▶ _Your task_: Only the lines below from the one that contains "Front. Nalgene - Nalgene" through the one that contains "Romantic Twist Corset Mermaid Midi Dress" should appear in your answer, exact and without pictures.

▶ _Stored data_:

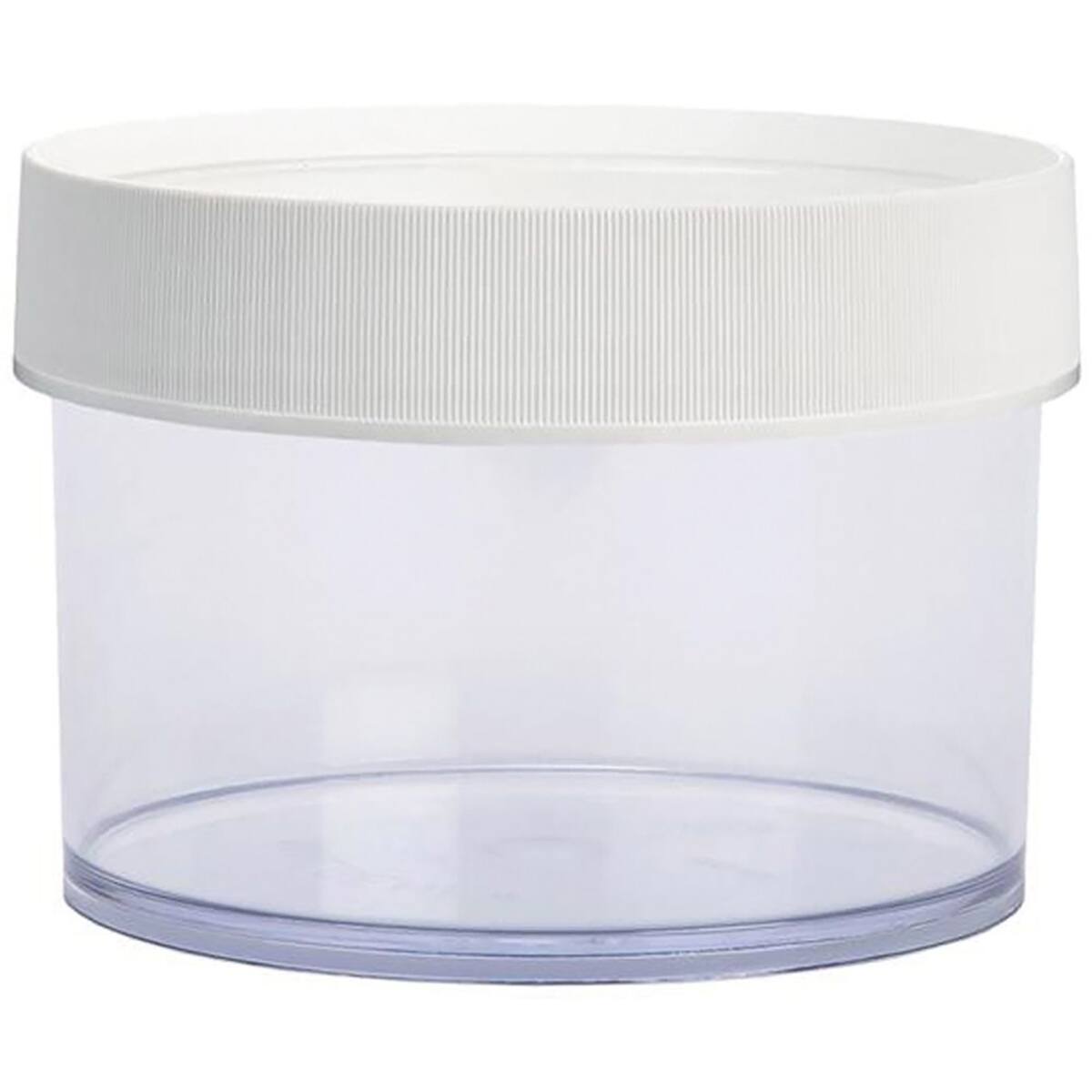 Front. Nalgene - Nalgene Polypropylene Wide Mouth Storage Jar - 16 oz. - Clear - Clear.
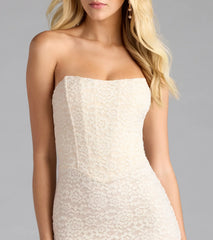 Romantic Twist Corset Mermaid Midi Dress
* * *
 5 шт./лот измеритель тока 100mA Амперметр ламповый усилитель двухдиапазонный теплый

▶ _Your solution_:
 Front. Nalgene - Nalgene Polypropylene Wide Mouth Storage Jar - 16 oz. - Clear - Clear.
 Romantic Twist Corset Mermaid Midi Dress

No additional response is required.